Task directions -
Output the full listing below, keeping each line exact.

══════════

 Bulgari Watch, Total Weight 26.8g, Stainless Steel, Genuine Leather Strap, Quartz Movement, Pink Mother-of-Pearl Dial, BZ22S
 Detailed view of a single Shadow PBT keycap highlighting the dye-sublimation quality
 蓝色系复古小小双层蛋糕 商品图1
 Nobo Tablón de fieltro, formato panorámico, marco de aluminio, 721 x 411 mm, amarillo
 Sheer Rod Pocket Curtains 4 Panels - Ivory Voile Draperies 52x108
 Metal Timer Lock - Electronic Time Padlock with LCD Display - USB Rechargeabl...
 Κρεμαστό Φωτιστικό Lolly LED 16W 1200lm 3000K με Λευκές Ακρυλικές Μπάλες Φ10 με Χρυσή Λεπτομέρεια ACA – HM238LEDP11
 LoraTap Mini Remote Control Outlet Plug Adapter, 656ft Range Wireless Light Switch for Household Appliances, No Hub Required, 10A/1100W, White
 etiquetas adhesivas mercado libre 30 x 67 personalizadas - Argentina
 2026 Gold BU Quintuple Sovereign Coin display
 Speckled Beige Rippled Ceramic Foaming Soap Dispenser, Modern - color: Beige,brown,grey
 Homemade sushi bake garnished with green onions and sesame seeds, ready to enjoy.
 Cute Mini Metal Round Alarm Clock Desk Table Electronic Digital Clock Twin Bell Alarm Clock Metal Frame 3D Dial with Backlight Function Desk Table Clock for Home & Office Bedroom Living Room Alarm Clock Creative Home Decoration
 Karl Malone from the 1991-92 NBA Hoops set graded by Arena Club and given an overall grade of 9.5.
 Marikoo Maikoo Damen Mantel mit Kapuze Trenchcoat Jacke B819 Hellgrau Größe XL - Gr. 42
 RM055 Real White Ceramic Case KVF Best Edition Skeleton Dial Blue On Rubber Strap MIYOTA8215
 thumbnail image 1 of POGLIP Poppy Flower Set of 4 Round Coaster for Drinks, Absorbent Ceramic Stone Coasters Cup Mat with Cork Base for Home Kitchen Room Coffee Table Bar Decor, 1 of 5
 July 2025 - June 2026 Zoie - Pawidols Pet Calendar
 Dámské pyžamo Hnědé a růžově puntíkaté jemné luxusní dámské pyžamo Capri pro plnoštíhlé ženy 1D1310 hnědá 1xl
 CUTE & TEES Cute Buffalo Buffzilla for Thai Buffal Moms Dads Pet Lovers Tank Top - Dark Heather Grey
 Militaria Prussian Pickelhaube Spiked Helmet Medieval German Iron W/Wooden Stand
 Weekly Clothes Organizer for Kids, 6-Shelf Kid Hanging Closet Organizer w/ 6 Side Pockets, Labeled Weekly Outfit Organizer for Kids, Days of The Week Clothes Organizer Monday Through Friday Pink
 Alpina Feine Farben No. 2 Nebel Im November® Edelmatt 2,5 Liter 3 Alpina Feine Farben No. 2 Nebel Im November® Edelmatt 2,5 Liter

══════════

Response for this exercise -
 Bulgari Watch, Total Weight 26.8g, Stainless Steel, Genuine Leather Strap, Quartz Movement, Pink Mother-of-Pearl Dial, BZ22S
 Detailed view of a single Shadow PBT keycap highlighting the dye-sublimation quality
 蓝色系复古小小双层蛋糕 商品图1
 Nobo Tablón de fieltro, formato panorámico, marco de aluminio, 721 x 411 mm, amarillo
 Sheer Rod Pocket Curtains 4 Panels - Ivory Voile Draperies 52x108
 Metal Timer Lock - Electronic Time Padlock with LCD Display - USB Rechargeabl...
 Κρεμαστό Φωτιστικό Lolly LED 16W 1200lm 3000K με Λευκές Ακρυλικές Μπάλες Φ10 με Χρυσή Λεπτομέρεια ACA – HM238LEDP11
 LoraTap Mini Remote Control Outlet Plug Adapter, 656ft Range Wireless Light Switch for Household Appliances, No Hub Required, 10A/1100W, White
 etiquetas adhesivas mercado libre 30 x 67 personalizadas - Argentina
 2026 Gold BU Quintuple Sovereign Coin display
 Speckled Beige Rippled Ceramic Foaming Soap Dispenser, Modern - color: Beige,brown,grey
 Homemade sushi bake garnished with green onions and sesame seeds, ready to enjoy.
 Cute Mini Metal Round Alarm Clock Desk Table Electronic Digital Clock Twin Bell Alarm Clock Metal Frame 3D Dial with Backlight Function Desk Table Clock for Home & Office Bedroom Living Room Alarm Clock Creative Home Decoration
 Karl Malone from the 1991-92 NBA Hoops set graded by Arena Club and given an overall grade of 9.5.
 Marikoo Maikoo Damen Mantel mit Kapuze Trenchcoat Jacke B819 Hellgrau Größe XL - Gr. 42
 RM055 Real White Ceramic Case KVF Best Edition Skeleton Dial Blue On Rubber Strap MIYOTA8215
 thumbnail image 1 of POGLIP Poppy Flower Set of 4 Round Coaster for Drinks, Absorbent Ceramic Stone Coasters Cup Mat with Cork Base for Home Kitchen Room Coffee Table Bar Decor, 1 of 5
 July 2025 - June 2026 Zoie - Pawidols Pet Calendar
 Dámské pyžamo Hnědé a růžově puntíkaté jemné luxusní dámské pyžamo Capri pro plnoštíhlé ženy 1D1310 hnědá 1xl
 CUTE & TEES Cute Buffalo Buffzilla for Thai Buffal Moms Dads Pet Lovers Tank Top - Dark Heather Grey
 Militaria Prussian Pickelhaube Spiked Helmet Medieval German Iron W/Wooden Stand
 Weekly Clothes Organizer for Kids, 6-Shelf Kid Hanging Closet Organizer w/ 6 Side Pockets, Labeled Weekly Outfit Organizer for Kids, Days of The Week Clothes Organizer Monday Through Friday Pink
 Alpina Feine Farben No. 2 Nebel Im November® Edelmatt 2,5 Liter 3 Alpina Feine Farben No. 2 Nebel Im November® Edelmatt 2,5 Liter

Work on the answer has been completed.